Par Karen Azran associée au cabinet Lussan et responsable du département droit du travail sur le thème du travail dissimulé.
Dans les secteurs du
BTP, de l’hôtellerie, de la restauration ou encore du nettoyage, une réalité
s’impose depuis des années : des entreprises peinent à recruter, et
lorsqu’elles y parviennent, c’est parfois au prix d’un contournement de la
légalité. Le travail dissimulé y est devenu un phénomène aussi massif que
structurel.

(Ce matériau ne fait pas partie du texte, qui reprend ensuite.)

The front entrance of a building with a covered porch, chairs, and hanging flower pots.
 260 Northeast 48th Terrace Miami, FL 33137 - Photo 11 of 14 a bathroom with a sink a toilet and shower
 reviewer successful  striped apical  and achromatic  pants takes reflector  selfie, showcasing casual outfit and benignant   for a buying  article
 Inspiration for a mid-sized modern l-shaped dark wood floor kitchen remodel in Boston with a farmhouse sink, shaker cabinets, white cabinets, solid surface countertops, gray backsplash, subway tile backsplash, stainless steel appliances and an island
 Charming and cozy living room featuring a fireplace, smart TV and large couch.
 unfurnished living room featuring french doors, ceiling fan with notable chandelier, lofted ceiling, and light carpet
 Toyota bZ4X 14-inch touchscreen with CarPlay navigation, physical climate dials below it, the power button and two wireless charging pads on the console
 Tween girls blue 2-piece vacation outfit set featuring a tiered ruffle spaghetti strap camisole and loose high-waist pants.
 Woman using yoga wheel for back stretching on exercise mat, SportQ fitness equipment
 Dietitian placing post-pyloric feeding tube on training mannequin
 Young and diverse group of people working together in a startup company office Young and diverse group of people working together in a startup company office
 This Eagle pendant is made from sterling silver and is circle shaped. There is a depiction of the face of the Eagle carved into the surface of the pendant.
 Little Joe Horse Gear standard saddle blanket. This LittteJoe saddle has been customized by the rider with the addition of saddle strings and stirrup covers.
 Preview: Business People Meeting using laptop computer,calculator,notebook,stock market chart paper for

Les employeurs, souvent démunis face à une pénurie de main-d’œuvre
chronique, se voient contraints d’embaucher des personnes sans titre de séjour
— au risque de sanctions administratives lourdes, pouvant mettre en péril la
viabilité même de leur activité.
Ces situations se
multiplient, toujours similaires, toujours absurdes : des chefs d’entreprise
sanctionnés pour avoir donné du travail à ceux qui en cherchent et dont
l’activité ne peut se passer. Il ne s’agit pas de cautionner une infraction,
mais de regarder lucidement une impasse juridique qui génère, en chaîne,
précarité sociale et fragilité économique.
Le cœur du problème
réside dans une confusion persistante entre le droit au séjour et le droit au
travail. Aujourd’hui, une personne étrangère sans titre de séjour ne peut
légalement travailler en France. Pourtant, ces personnes sont déjà là,
présentes sur le territoire, souvent depuis plusieurs années, prêtes à
travailler, à cotiser, à participer à l’économie nationale. En face, des
entreprises cherchent désespérément à recruter — mais n’ont légalement pas le
droit de les embaucher. C’est l’illustration parfaite d’un cercle non vertueux
: parce que la loi n’encadre pas, elle oblige à contourner.
Et ce contournement
coûte cher. Très cher. En moyenne, une entreprise prise en flagrant délit de
travail dissimulé s’expose à 5 000 euros d’amende par salarié concerné, doublée
si celui-ci est en situation irrégulière, sans compter les redressements sociaux,
les poursuites pénales, la fermeture administrative ou la perte d’aides
publiques. Ce sont des entreprises qui ferment, des activités stoppées net, des
emplois détruits — et in fine, un tissu économique local fragilisé.
Il est temps d’ouvrir
un débat responsable, délié des peurs et des postures. Et si nous autorisions,
de manière encadrée, des personnes sans titre de séjour à travailler dans les
secteurs qui sont en tension en révisant objectivement et rapidement la liste
de ces secteurs, les régions et les postes concernés ? Cela ne signifie pas légaliser
l’irrégularité, mais au contraire sortir de l’ombre des milliers de personnes
et d’entreprises piégées par une législation inadaptée aux réalités. Ce serait
offrir à chacun un cadre de travail digne, des droits, une protection. Ce
serait aussi une réponse concrète à la crise de recrutement qui s’aggrave
chaque année.
Maintenir le statu quo
sur cette question c’est alimenter un système qui tourne sur lui-même et qui
sanctionne encore une fois avant tout nos entrepreneurs qui écopent de lourdes
amendes et redressements.
Nous nous devons de nous interroger sur le caractère équitable et juste de la Loi. Notre droit du travail a vocation à protéger. Il ne peut continuer à punir ceux qui, par nécessité, agissent là où l’État ne propose pas d’alternative réaliste.
Repenser le lien entre séjour et emploi, comme cela existe ailleurs, permettrait de ne pas faire peser sur les épaules des plus vulnérables — travailleurs comme employeurs — le poids d’une hypocrisie devenue intenable.